I am in a same situation as the person who posted the thread. I bought a second hand jeep from AL - Futtaim motors and slightly higher price from the market , since I was told Al - futtaim provide you good quality cars and the warrenty.

The jeep was never right from the time I did the test drive. I was told It is a minor thing and will be repaired. I was told they dont sale accidnet damage cars and 80 points will be checked before the jeep will be delivered. Since It is a big reputable dealership I trusted the saleman that was my mistake. 

The jeep had history of two accidents in the past and I got report from Ministry of interior website, was full repainted , had damage to front suspension that continued to be a problem and I have to get it repaired twice from Al Futtaim before I found out the Jeep had two major accidents. 

Wrote to the salesman and his manager, why they did fraudulent sale, no reply for the sales team , wrote to the GM of Al Futtaim Motors but no reply from them either. I beleive they are part of the whole fraud as well. 

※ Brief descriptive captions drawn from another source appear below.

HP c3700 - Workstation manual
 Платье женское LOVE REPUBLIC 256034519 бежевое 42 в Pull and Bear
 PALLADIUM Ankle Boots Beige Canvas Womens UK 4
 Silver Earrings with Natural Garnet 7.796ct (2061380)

Wrote to the consumer affairs department but got a phone call to say they are unable to help me because what ever the reason.

I wanted to sale the jeep back to Al Futtaim and the accessor who assessed the jeep offered me half the price what I paid on further asking he mentioned the jeep is accident repaired and guide me to the ministry of interio web site. 

Reading this thread, I am fully aware of hazards of buying from individuals and smaller dealerships but I did not expected a company with a reputation like Al futtaim will be doing Fraudulent sale and the senior managment did not want even discuss why did they cheated me. 

I am not sure what course of action should I take but I am seriously considering passing the names of sales manager and salesman to the police for Fraudulent sales.

Will appreciate any help.


----------



## omrano (Jul 13, 2014)

You could send a complaint to gulfnews explaining what happened,may they publish it and sales manager then will reply, I have seen people do that when they had a problem with a telecom provider and bank and they had their problem fixed.
But I guess you should have documents that will substantiate your calims.


----------



## The Rascal (Aug 6, 2014)

Get your letter in 7days, then see what happens - if they print it. 

prior to that thought, and I say this so many times, go their with your Jeep, with all the documentation and don't take no for an answer, writing letters and emails is totally pointless here, if you want something done go there and get it sorted. If the car is financed go to the finance company and complain about it.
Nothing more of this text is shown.